As you see on the charts below, the exchange rate remains in the yellow consolidation under the orange resistance zone, which together with the sell signals generated by the weekly and monthly indicators (marked on the charts below) increase the probability that another move will be to the downside.
USD/JPY
From the medium-term perspective, we see that USD/JPY is trading in the blue consolidation under the yellow resistance zone and the orange declining resistance line, which together continue to block the way to higher levels for many weeks.
Will we see another attempt to break above this resistance area in the coming days? Let’s examine the very short-term chart to find out.
On the daily chart, we see that although USD/JPY came back above the long-term red declining resistance line and invalidated the earlier breakdown, currency bulls didn’t push the pair significantly higher, showing their weakness. We saw similar price action at the end of October, at the beginning of November and at the beginning of this month, which doesn’t bode well for further improvement.
Why? As you see on the above chart, in all previous cases, USD/JPY sooner or later turned south, which resulted in the invalidation of the previous breakouts. Taking this fact into account and combining it with the sell signal generated by the Stochastic Oscillator, we think that we’ll see one more move to the downside in the coming days. Therefore, if the exchange rate closes today’s session (or one of the following) under the red line, we’ll likely see a test of the orange support line based on the previous lows in the following days. However, if this area is broken, the next downside target for currency bears will be around 110.82-111, where the 50% Fibonacci retracement and the November lows are.
USD/CAD
Quoting our last commentary on this currency pair:
(…) USD/CAD moved lower after an invalidation of the tiny breakout above the upper line of the green consolidation. What does it mean for the exchange rate? (…) If we see a decline from current levels, we think that the pair will test the last week’s lows in the following days.

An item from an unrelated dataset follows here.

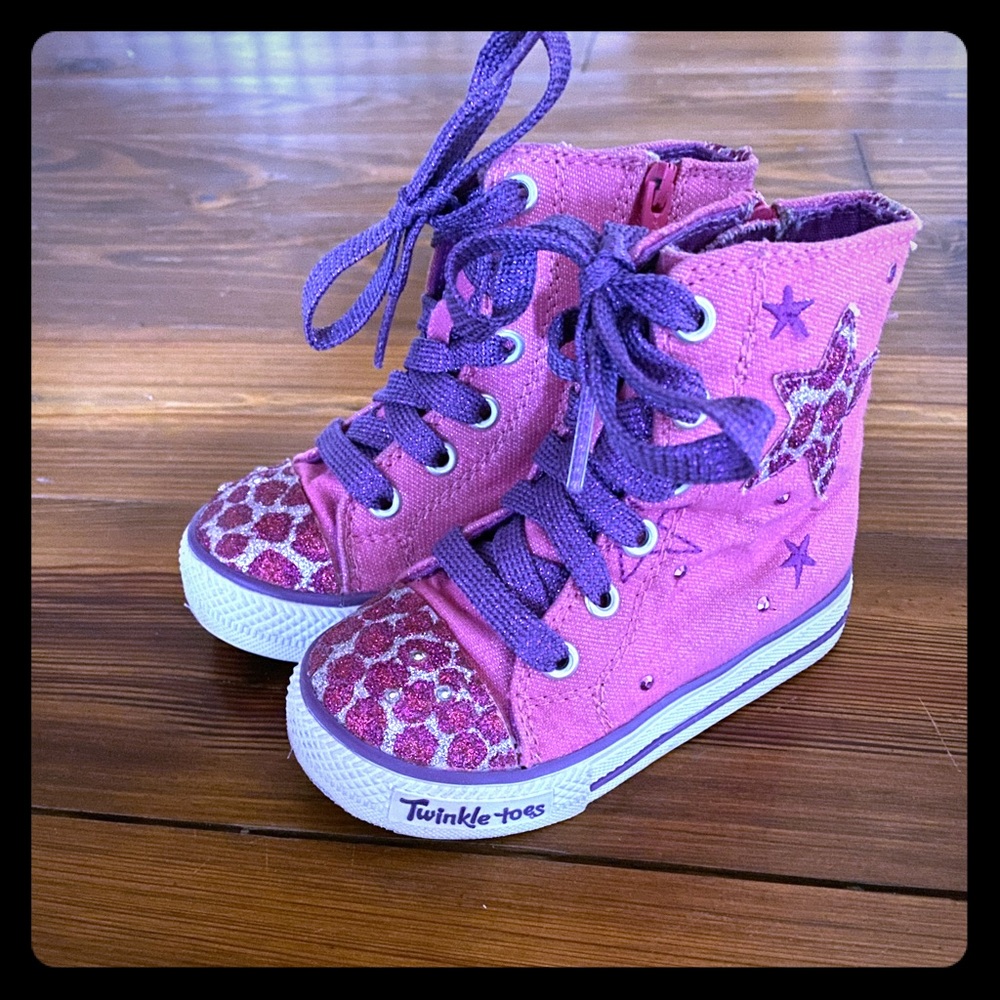 Sketchers Twinkle Toes pink high tops.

Looking at the daily chart, we see that the situation developed in tune with our assumptions and USD/CAD extended losses, slipping to our downside target earlier today.
What’s next for the exchange rate? The proximity to the early December low and the current position of the indicators suggest that reversal and rebound are just around the corner. Nevertheless, what could happen if the pair breaks under this month’s low? In our opinion, such price action will result in a decline to the 38.2% Fibonacci retracement (around 1.2590) or even to 1.2525, where the long-term blue support line (seen more clearly on the charts below) currently is.